▸ **The data**:

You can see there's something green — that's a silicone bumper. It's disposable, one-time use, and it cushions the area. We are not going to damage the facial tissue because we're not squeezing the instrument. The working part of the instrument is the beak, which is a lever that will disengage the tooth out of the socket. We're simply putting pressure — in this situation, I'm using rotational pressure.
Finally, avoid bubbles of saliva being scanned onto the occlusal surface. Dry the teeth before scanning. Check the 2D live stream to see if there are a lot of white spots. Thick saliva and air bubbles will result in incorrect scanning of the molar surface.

---

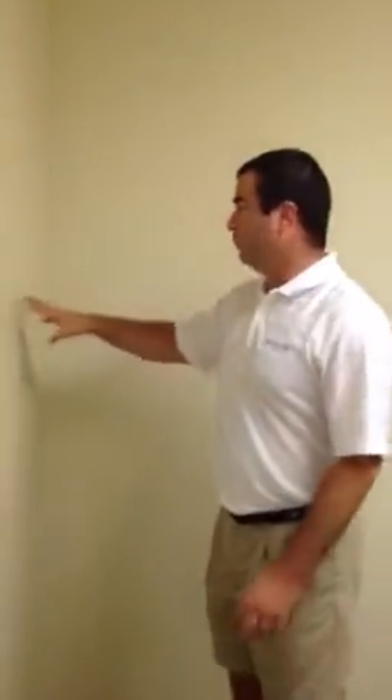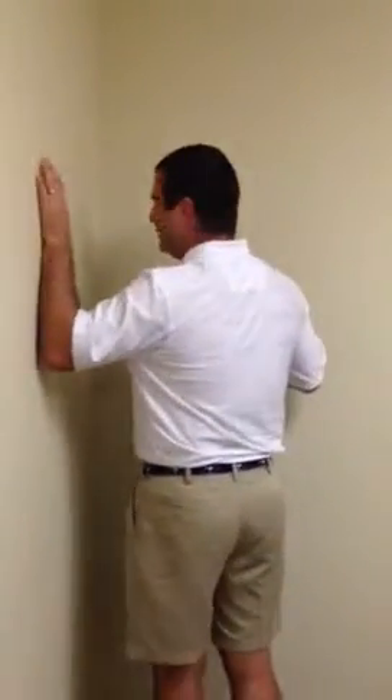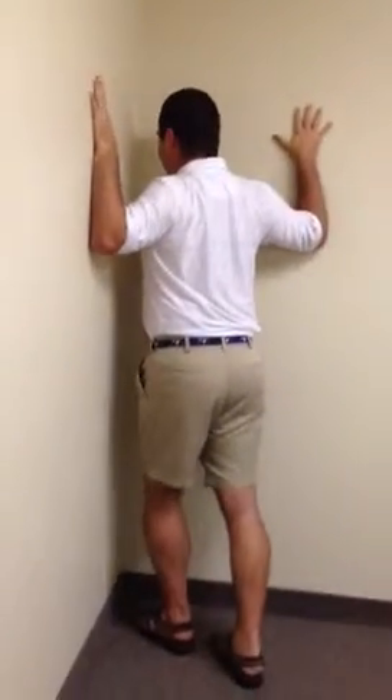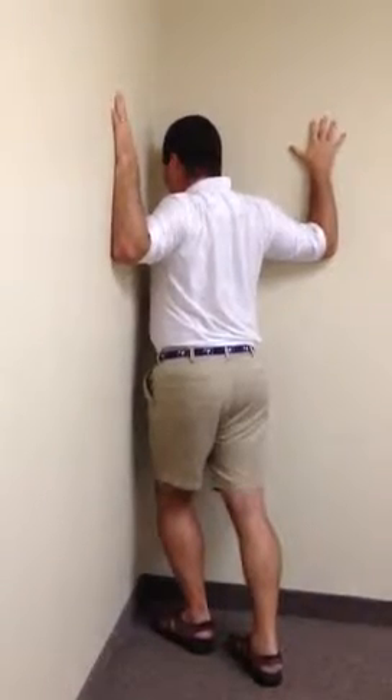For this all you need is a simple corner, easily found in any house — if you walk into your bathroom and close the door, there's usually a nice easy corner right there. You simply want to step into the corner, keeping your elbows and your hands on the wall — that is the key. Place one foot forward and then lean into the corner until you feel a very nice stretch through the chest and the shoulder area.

▸ **Task goal**:
What are the lines above, starting at the one with "You can see" and ending at the one with "Finally, avoid bubbles"? Give them again exactly, and only them.

▸ **Output of the exercise**:
You can see there's something green — that's a silicone bumper. It's disposable, one-time use, and it cushions the area. We are not going to damage the facial tissue because we're not squeezing the instrument. The working part of the instrument is the beak, which is a lever that will disengage the tooth out of the socket. We're simply putting pressure — in this situation, I'm using rotational pressure.
Finally, avoid bubbles of saliva being scanned onto the occlusal surface. Dry the teeth before scanning. Check the 2D live stream to see if there are a lot of white spots. Thick saliva and air bubbles will result in incorrect scanning of the molar surface.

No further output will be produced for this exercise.